-- STORED DATA follows --

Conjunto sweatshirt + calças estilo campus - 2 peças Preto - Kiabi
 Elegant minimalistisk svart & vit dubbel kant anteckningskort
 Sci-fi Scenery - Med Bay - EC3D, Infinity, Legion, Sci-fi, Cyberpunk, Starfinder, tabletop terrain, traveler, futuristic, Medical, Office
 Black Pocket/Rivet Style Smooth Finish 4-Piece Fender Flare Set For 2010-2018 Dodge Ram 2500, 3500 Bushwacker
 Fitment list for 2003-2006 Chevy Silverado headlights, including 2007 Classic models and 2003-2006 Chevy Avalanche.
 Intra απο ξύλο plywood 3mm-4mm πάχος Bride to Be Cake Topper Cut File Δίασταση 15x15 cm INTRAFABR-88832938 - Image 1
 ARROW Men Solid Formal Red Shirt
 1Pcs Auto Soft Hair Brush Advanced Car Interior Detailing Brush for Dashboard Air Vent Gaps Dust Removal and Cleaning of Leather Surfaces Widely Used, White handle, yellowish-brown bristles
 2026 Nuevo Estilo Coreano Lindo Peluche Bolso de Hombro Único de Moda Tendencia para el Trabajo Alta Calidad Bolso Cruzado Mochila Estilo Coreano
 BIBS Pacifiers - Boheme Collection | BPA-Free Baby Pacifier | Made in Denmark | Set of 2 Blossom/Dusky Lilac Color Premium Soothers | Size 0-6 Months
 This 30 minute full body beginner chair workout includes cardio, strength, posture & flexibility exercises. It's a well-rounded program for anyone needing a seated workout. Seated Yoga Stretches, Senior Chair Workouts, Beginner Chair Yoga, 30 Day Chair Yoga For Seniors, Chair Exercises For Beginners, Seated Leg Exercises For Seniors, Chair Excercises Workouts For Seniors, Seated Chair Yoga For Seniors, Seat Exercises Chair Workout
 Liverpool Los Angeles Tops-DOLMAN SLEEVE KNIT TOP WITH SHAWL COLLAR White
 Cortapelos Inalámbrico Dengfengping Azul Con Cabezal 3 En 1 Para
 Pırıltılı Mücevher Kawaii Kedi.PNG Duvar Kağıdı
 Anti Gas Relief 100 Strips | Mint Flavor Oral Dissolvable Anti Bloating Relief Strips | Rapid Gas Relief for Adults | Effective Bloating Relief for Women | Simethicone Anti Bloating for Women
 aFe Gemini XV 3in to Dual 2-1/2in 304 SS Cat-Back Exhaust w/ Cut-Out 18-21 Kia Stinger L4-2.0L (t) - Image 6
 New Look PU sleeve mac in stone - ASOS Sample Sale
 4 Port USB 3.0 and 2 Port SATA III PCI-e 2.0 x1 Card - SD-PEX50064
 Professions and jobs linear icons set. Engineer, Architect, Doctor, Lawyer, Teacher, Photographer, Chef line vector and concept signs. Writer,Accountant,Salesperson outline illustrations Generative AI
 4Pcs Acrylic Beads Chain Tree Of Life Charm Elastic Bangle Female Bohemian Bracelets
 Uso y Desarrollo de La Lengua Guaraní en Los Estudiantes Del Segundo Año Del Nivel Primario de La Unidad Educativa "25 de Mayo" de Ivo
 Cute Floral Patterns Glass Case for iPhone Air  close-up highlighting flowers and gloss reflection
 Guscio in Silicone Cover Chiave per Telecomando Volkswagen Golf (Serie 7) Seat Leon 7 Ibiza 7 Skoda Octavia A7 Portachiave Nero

-- STORED DATA concluded --

# EXERCISE:
Write out again only the lines from the one with "Professions and jobs" through the last line of the records above. Keep every word as it stands.

# RESPONSE TO THE EXERCISE:
 Professions and jobs linear icons set. Engineer, Architect, Doctor, Lawyer, Teacher, Photographer, Chef line vector and concept signs. Writer,Accountant,Salesperson outline illustrations Generative AI
 4Pcs Acrylic Beads Chain Tree Of Life Charm Elastic Bangle Female Bohemian Bracelets
 Uso y Desarrollo de La Lengua Guaraní en Los Estudiantes Del Segundo Año Del Nivel Primario de La Unidad Educativa "25 de Mayo" de Ivo
 Cute Floral Patterns Glass Case for iPhone Air  close-up highlighting flowers and gloss reflection
 Guscio in Silicone Cover Chiave per Telecomando Volkswagen Golf (Serie 7) Seat Leon 7 Ibiza 7 Skoda Octavia A7 Portachiave Nero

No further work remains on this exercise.